A zoning and height conflict stalled the Savannah Historic District review board meeting on Wednesday for more than an hour — and also halted the construction of a proposed hotel at 607 Drayton St.
The board voted 6-2 to deny the proposed hotel as it was presented after much confusion about whether the building qualified for a bonus story that would make the structure five stories tall. The residential height map only allows a maximum of four stories.
According to Ellen Harris, director of Historic Preservation and Urban Planning, the now vacant lot is in a RIP-D zoning district, which allows for mixed uses. The project qualifies for the bonus story under the standards for commercial and other uses, but it does not qualify under residential standards.
Harris said she requested an interpretation from the zoning administrator on whether to apply commercial or residential standards and received an email stating that the bonus story would be permitted and be set against the commercial standards.
“This is not a zoning confirmation letter. I think that something that is so important as granting a bonus story is worthy of having an official determination from the zoning administrator and a little bit more than just a casual email between two colleagues,” said Martin Smith, who spoke on behalf of the Savannah College of Art and Design. Smith was one of five people, including representatives from the Historic Savannah Foundation, who spoke out against the height of the project. Three letters of opposition were also submitted to the board.
SCAD owns three neighboring buildings. Smith said the school wasn’t opposed to the hotel or development but wanted the zoning issue to be more thoroughly examined.
The petition originally went before the board last month but was continued at the request of the petitioner, Patrick Shay of Gunn Meyerhoff Shay Architects.
Shay said he was unaware of the zoning issue until it was raised at the meeting and twice denied the board’s suggestion that he request a continuance of the petition to a future meeting.
“I had not heard that line of reasoning or any of this until 10 minutes ago,” Shay said responding to public comment. “... So the controversy, if that’s what it is over whether or not the zoning administrator has their job appropriately, is not something I have the ability to address here today...”
The revised plan reviewed Wednesday met all 15 of the conditions set forth by the board in May, including getting eliminating one story and eliminating a tower structure.

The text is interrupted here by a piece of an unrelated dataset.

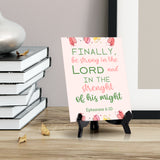 Finally, be strong in the Lord and in the strength of his might Ephesians 6:10 6 x 8" Table Sign With Acrylic Easel | Religious Bible Quotes Decor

“I’m not in the position (to request a continuance). I’ve done my very best due diligence to determine what the standards are, work closely with staff, with you and the public to follow everything I knew about the standards,” Shay said.
The majority of the board members agreed with public concern and, after posing many questions and more than an hour of discussion, felt the email didn’t qualify as an official statement and lacked sufficient information they needed to make the decision.
Shay can now appeal Wednesday’s decision or submit a revised plan for a future meeting.